# Exercise directions
This exercise calls for duplicating every entry below exactly, without the images.

# Input
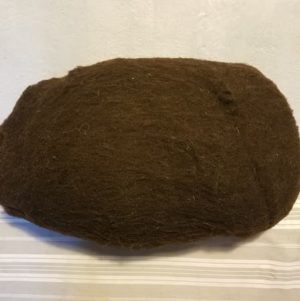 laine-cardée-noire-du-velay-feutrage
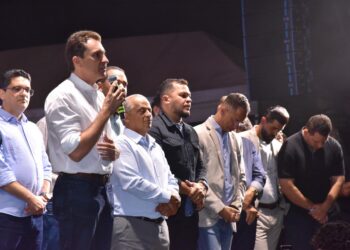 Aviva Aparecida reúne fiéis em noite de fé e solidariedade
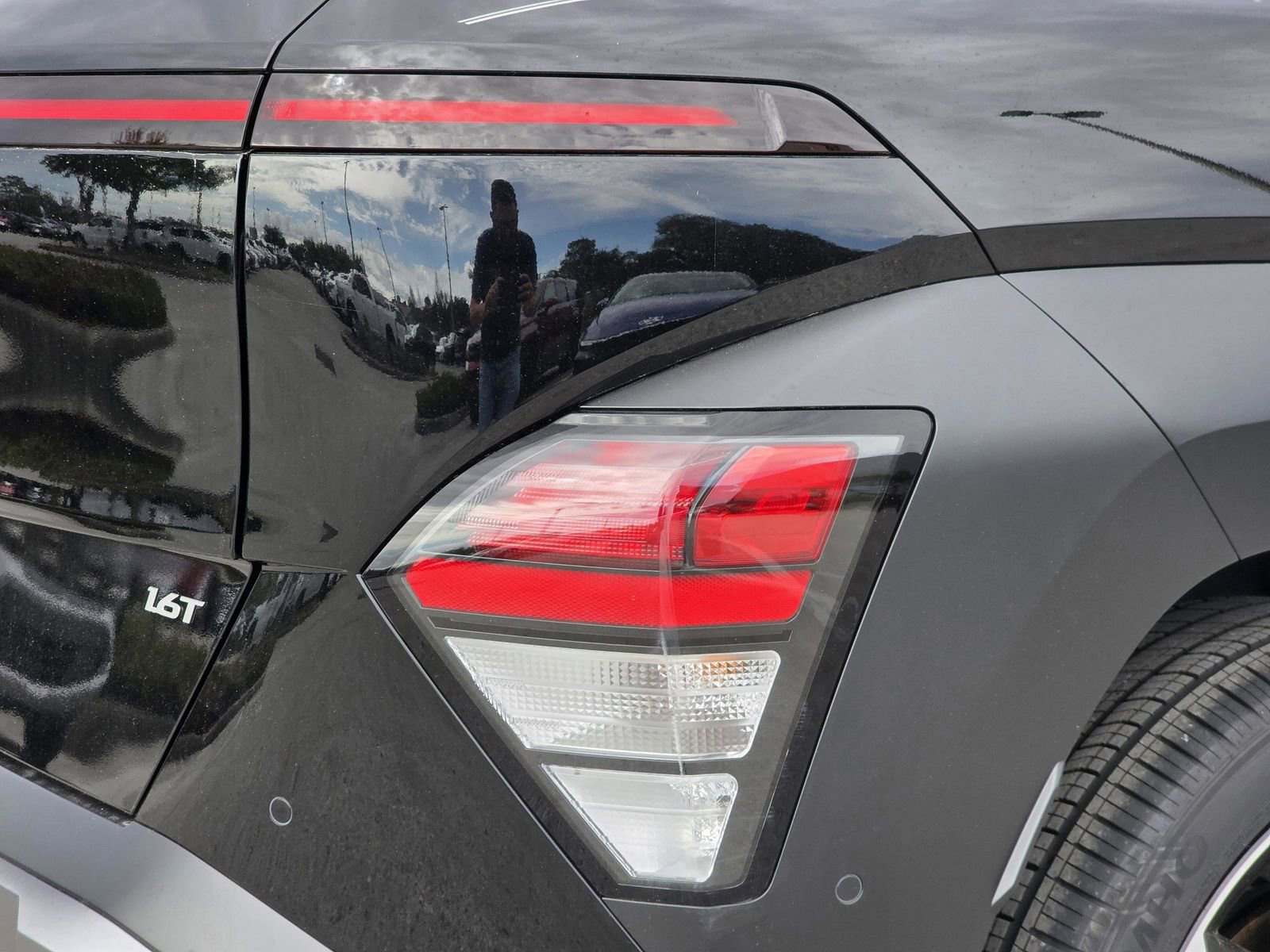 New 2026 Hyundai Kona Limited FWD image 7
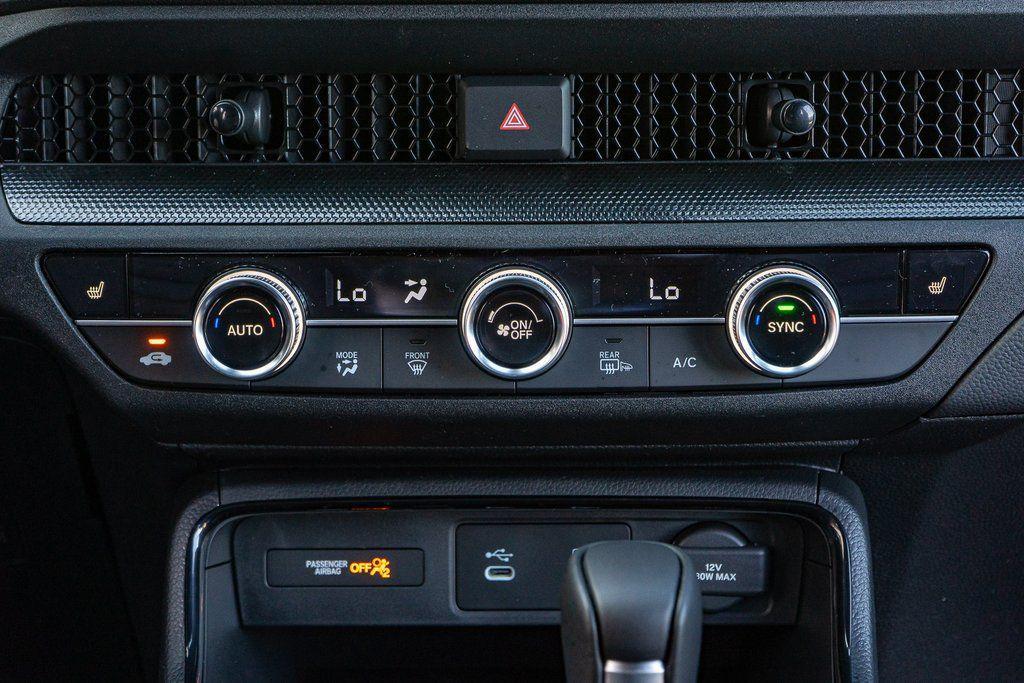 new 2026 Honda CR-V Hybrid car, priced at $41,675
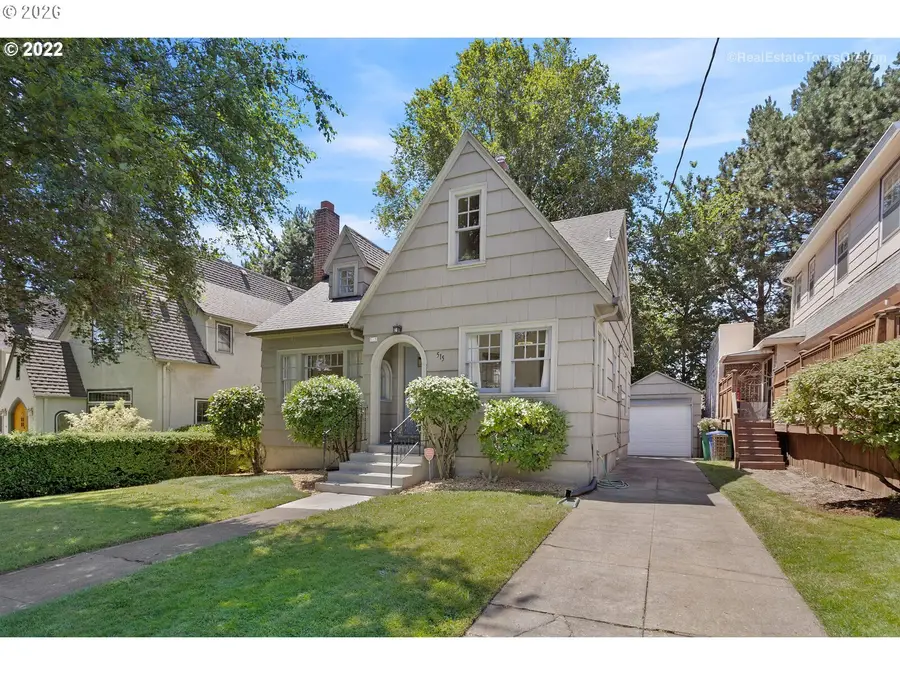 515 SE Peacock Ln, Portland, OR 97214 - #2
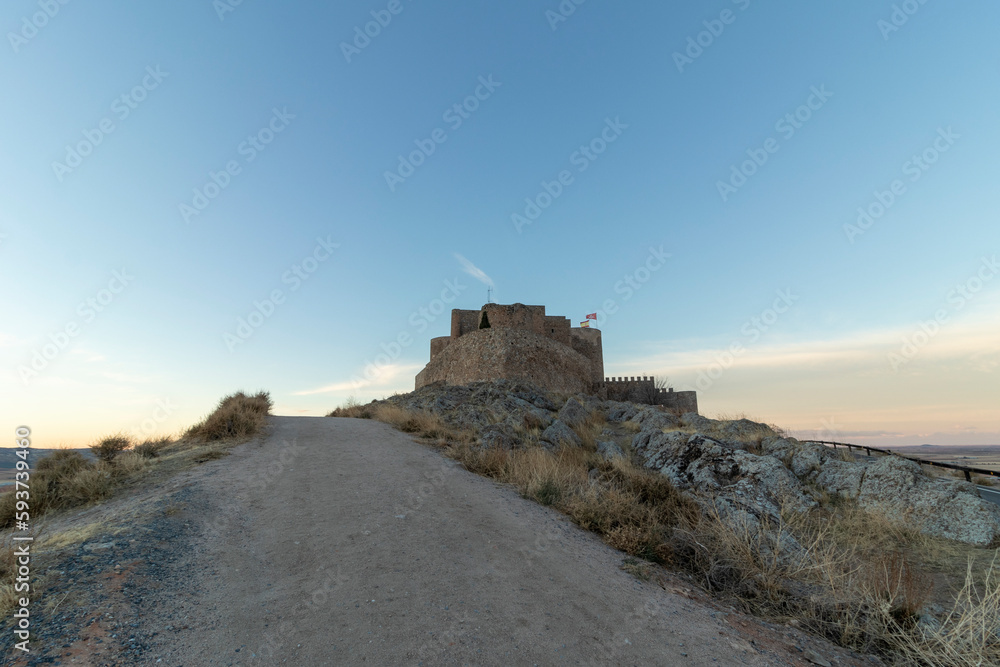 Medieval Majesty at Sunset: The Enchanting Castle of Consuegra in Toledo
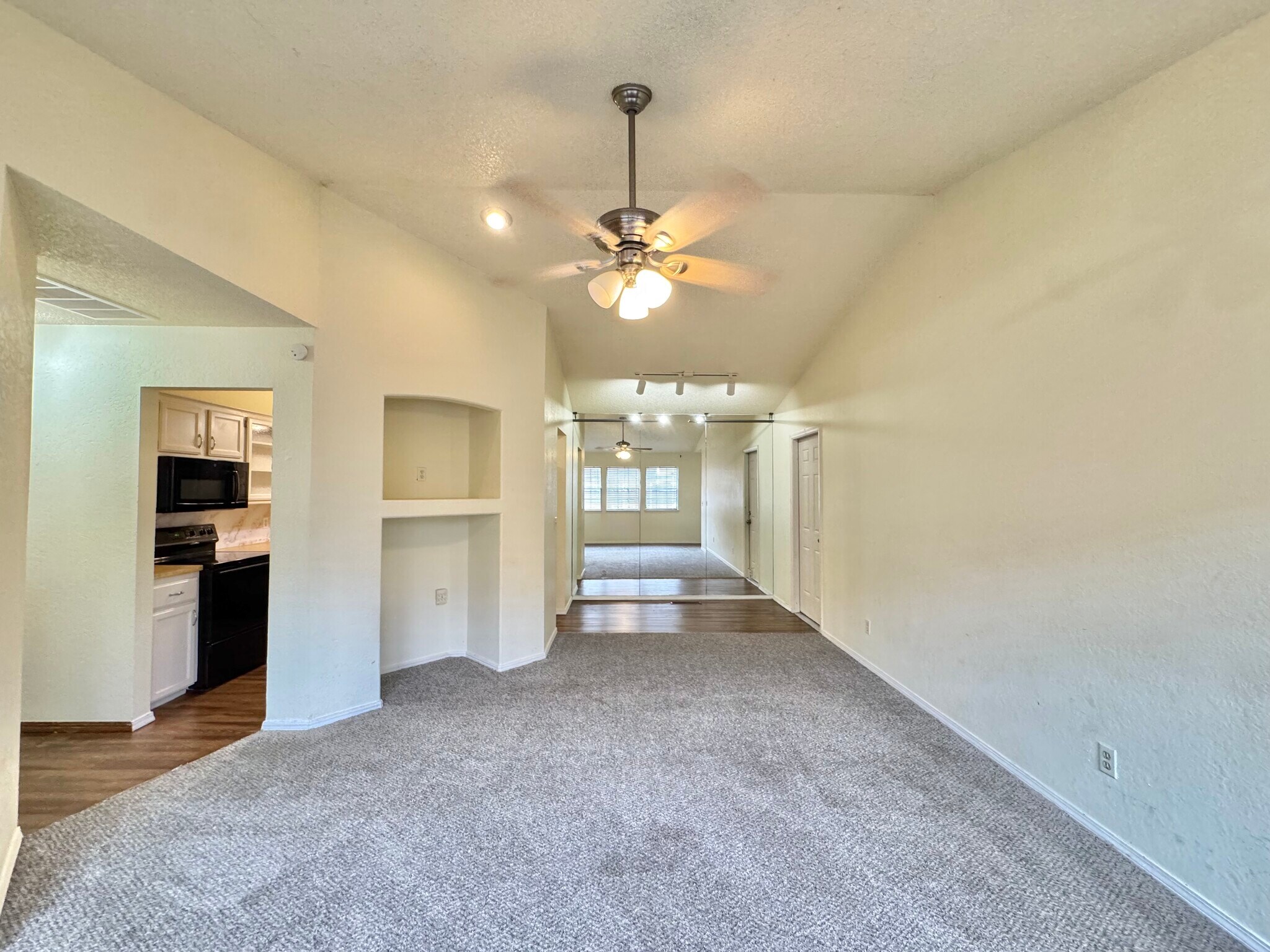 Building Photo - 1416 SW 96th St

# Finished task
 laine-cardée-noire-du-velay-feutrage
 Aviva Aparecida reúne fiéis em noite de fé e solidariedade
 New 2026 Hyundai Kona Limited FWD image 7
 new 2026 Honda CR-V Hybrid car, priced at $41,675
 515 SE Peacock Ln, Portland, OR 97214 - #2
 Medieval Majesty at Sunset: The Enchanting Castle of Consuegra in Toledo
 Building Photo - 1416 SW 96th St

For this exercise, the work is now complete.